Captioned web image data
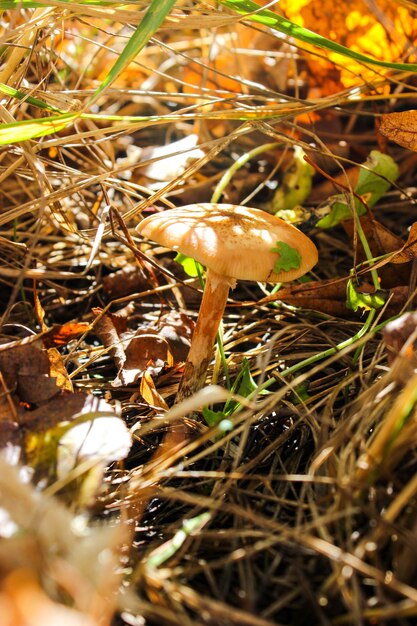 Champignons de miel d'automne dans la forêt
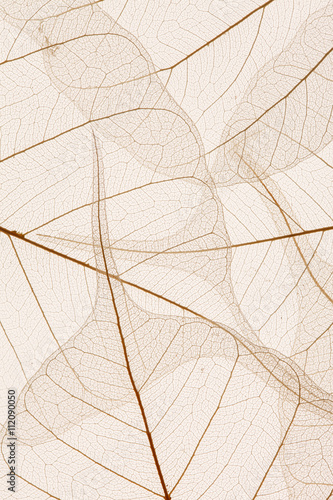 Leaves texture © Maksim Shebeko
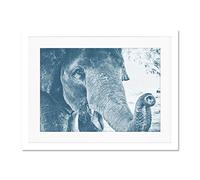 Chambon Elephant Close-up Trunk Blue Large Art Print Poster Wall Decor 18x24 inch Supplied Ready To Hang With Included Mount Brackets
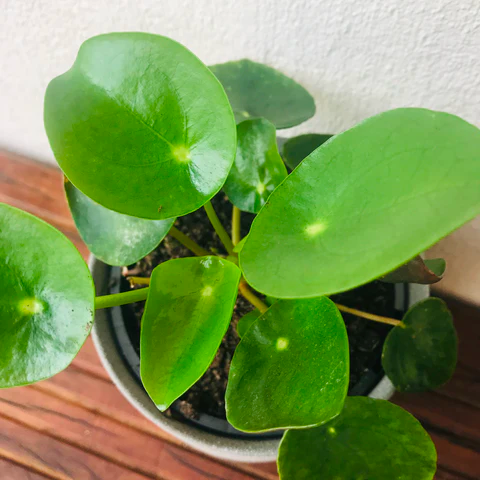 Chinese money plant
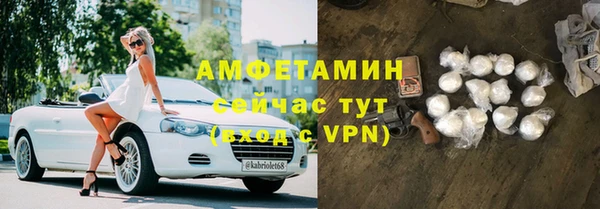 гидра Бородино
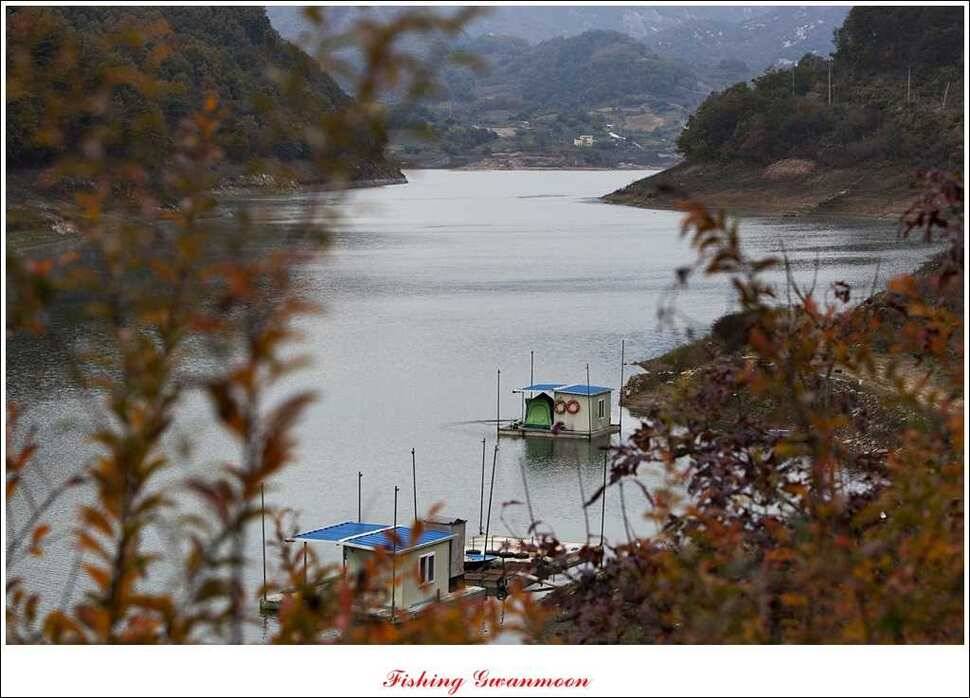 실리곡 마릿수 월척제일 월척 (조황조행기 - 특파원조황)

__EXERCISE GOAL__
In your answer, repeat all the entries exactly, but leave out the pictures.

__SOLUTION TO THE PROBLEM__
 Champignons de miel d'automne dans la forêt
 Leaves texture © Maksim Shebeko
 Chambon Elephant Close-up Trunk Blue Large Art Print Poster Wall Decor 18x24 inch Supplied Ready To Hang With Included Mount Brackets
 Chinese money plant
 гидра Бородино
 실리곡 마릿수 월척제일 월척 (조황조행기 - 특파원조황)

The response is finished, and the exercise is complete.